M3S-GRPred: a novel ensemble learning approach for the interpretable prediction of glucocorticoid receptor antagonists using a multi-step stacking strategy.
Journal:
BMC bioinformatics
PMID:
40307679
Abstract
Accelerating drug discovery for glucocorticoid receptor (GR)-related disorders, including innovative machine learning (ML)-based approaches, holds promise in advancing therapeutic development, optimizing treatment efficacy, and mitigating adverse effects. While experimental methods can accurately identify GR antagonists, they are often not cost-effective for large-scale drug discovery. Thus, computational approaches leveraging SMILES information for precise in silico identification of GR antagonists are crucial, enabling efficient and scalable drug discovery. Here, we develop a new ensemble learning approach using a multi-step stacking strategy (M3S), termed M3S-GRPred, aimed at rapidly and accurately discovering novel GR antagonists. To the best of our knowledge, M3S-GRPred is the first SMILES-based predictor designed to identify GR antagonists without the use of 3D structural information. In M3S-GRPred, we first constructed different balanced subsets using an under-sampling approach. Using these balanced subsets, we explored and evaluated heterogeneous base-classifiers trained with a variety of SMILES-based feature descriptors coupled with popular ML algorithms. Finally, M3S-GRPred was constructed by integrating probabilistic feature from the selected base-classifiers derived from a two-step feature selection technique.

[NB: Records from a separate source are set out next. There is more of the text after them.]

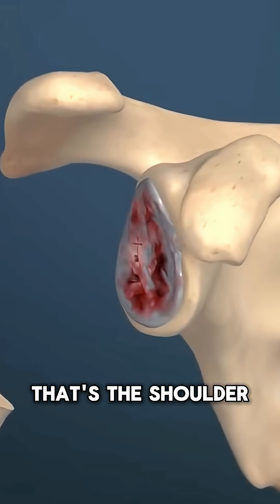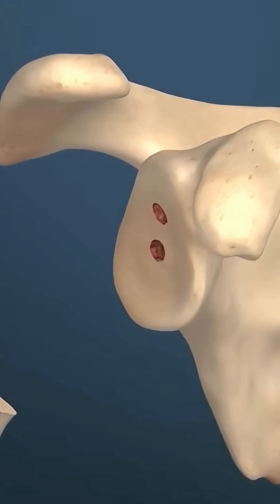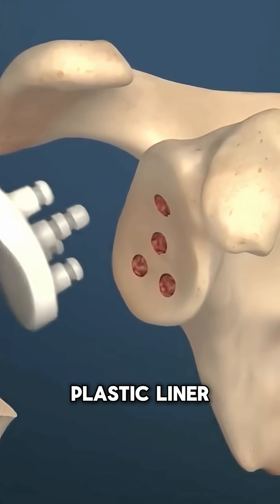Next, the glenoid — that's the shoulder socket — is cleaned, getting rid of worn cartilage and unhealthy bone. It is reshaped and then fitted with a strong plastic liner.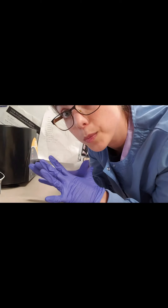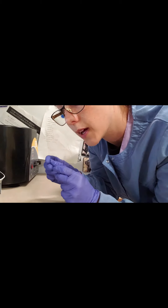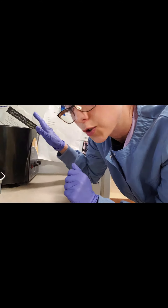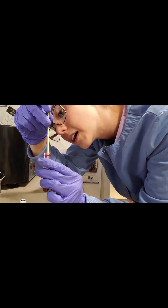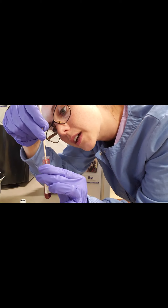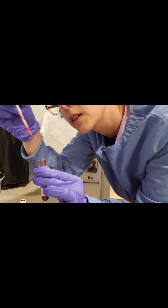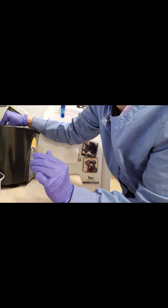Now that we've let our blood properly clot, we are going to rim the samples — just get rid of any chunky bits of clots — and then put them into our centrifuge to spin them. Taking the back end of a Q-tip, we just want to gently get excess bits off of the side there, then discard that and put that one in.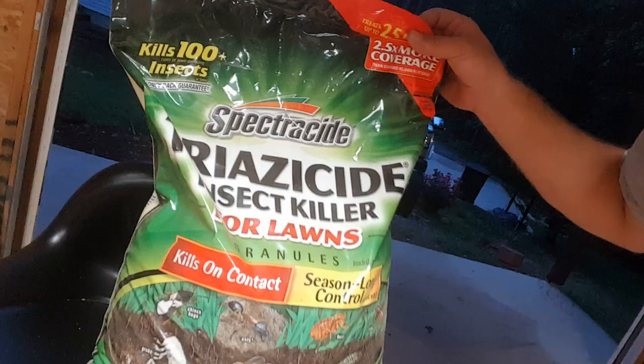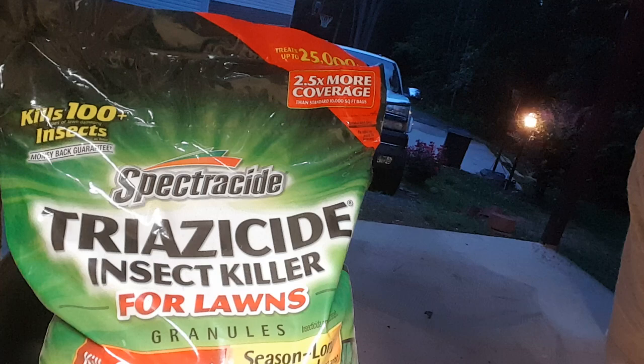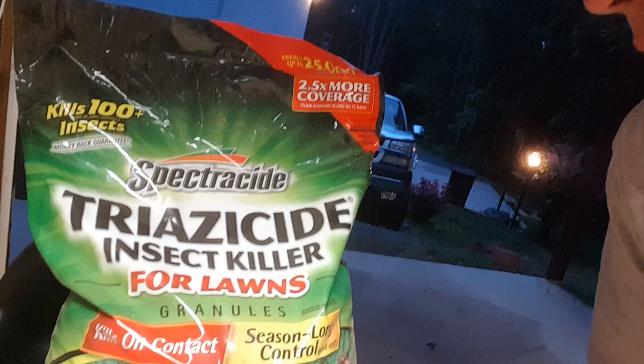The name of the product is Triazicide Insect Killer for Lawns. It's granules. It's made by Spectracide. It covers twenty-five thousand square feet, and most bags this size only cover about ten thousand, so it's well worth the money.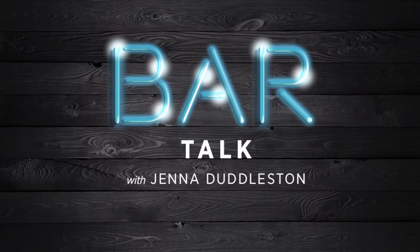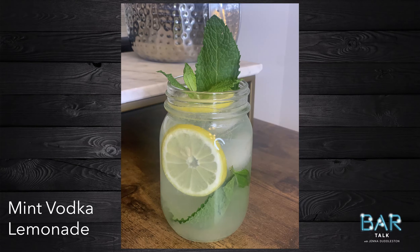I'll be sipping on this poolside all summer long. Ladies and gentlemen, get ready — it is time for your drink of the week. Spring is in the air, and I'm teaching you how to make a mint vodka lemonade.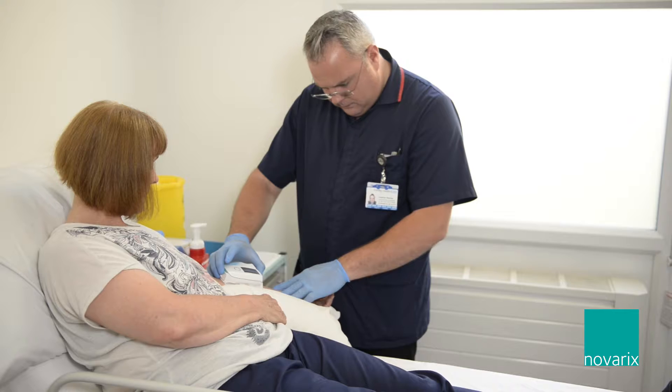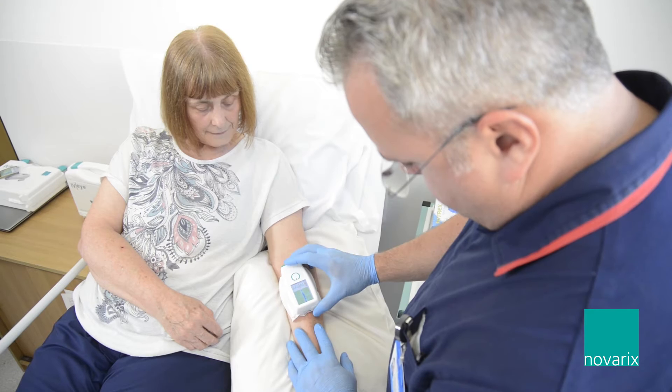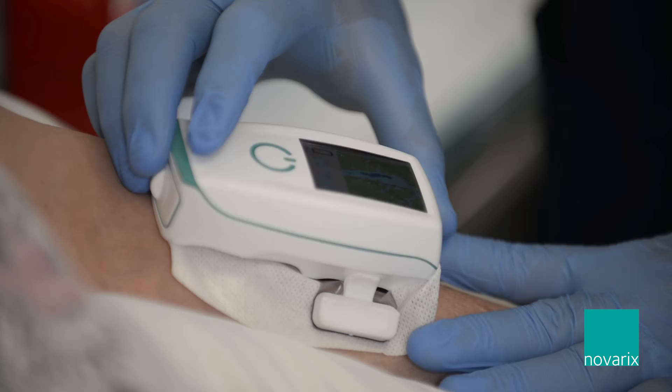With the IVI, because you can view superficial veins, it's easy to place the lining.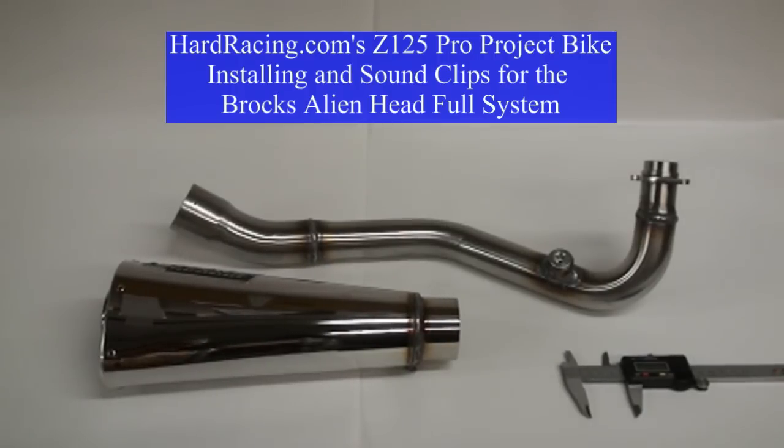Hey guys, we're here again today at Hard Racing working on our Kawasaki Z125 Pro project bike, and today we're going to be installing this monster Brock's Alien Head Full System.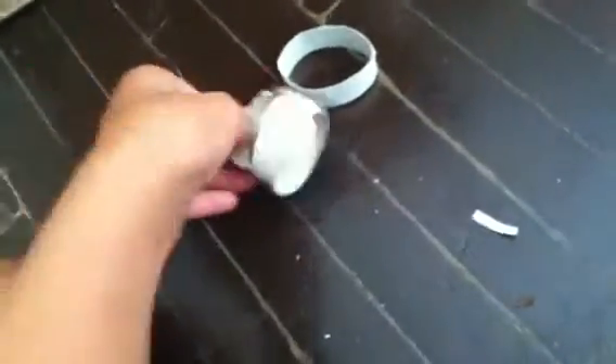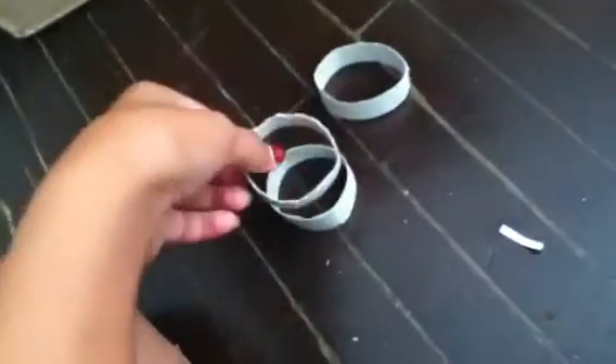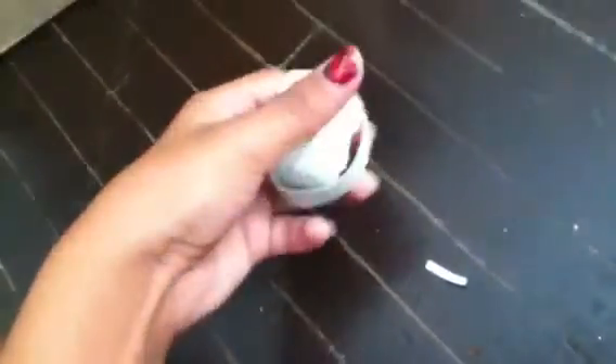We also have this little ball — I'll show you how to make it real quick. If you've already seen my hamster toy video, you probably already know how to make it. It's just strips of toilet paper roll and you just put them in each other like that. What you could do is put treats in there, and they could roll it around and try to get the treats out. So that's pretty fun for them.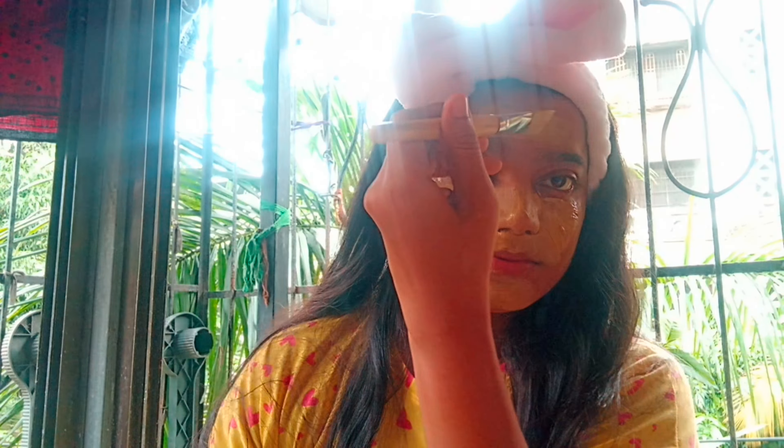This face pack is made for glowing skin, though I will say the results may not be dramatic. However, if you want to address pimples or acne, you can definitely use it for that. When removing it, you can massage it a little bit first.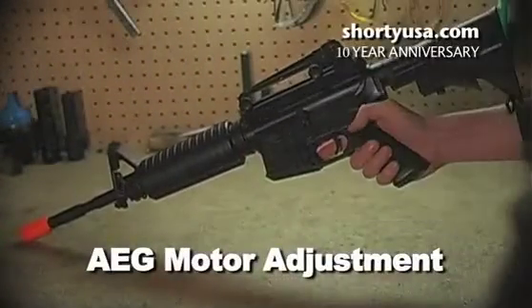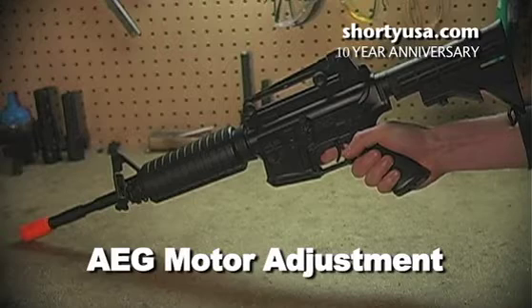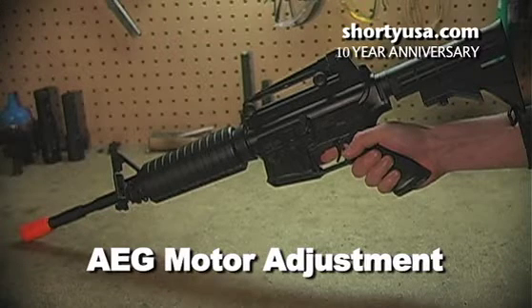If your AEG ever makes this heart-wrenching noise, it doesn't necessarily mean the gear has stripped. Your AEG can make this noise if the motor isn't at its proper height, so that it won't mesh correctly with the gears.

Our comparative experiments demonstrate that M3S-GRPred can precisely identify GR antagonists and effectively address the imbalanced dataset. Compared to traditional ML classifiers, M3S-GRPred attained superior performance in terms of both the training and independent test datasets. Additionally, M3S-GRPred was applied to identify potential GR antagonists among FDA-approved drugs confirmed through molecular docking, followed by detailed MD simulation studies for drug repurposing in Cushing's syndrome. We anticipate that M3S-GRPred will serve as an efficient screening tool for discovering novel GR antagonists from vast libraries of unknown compounds in a cost-effective manner.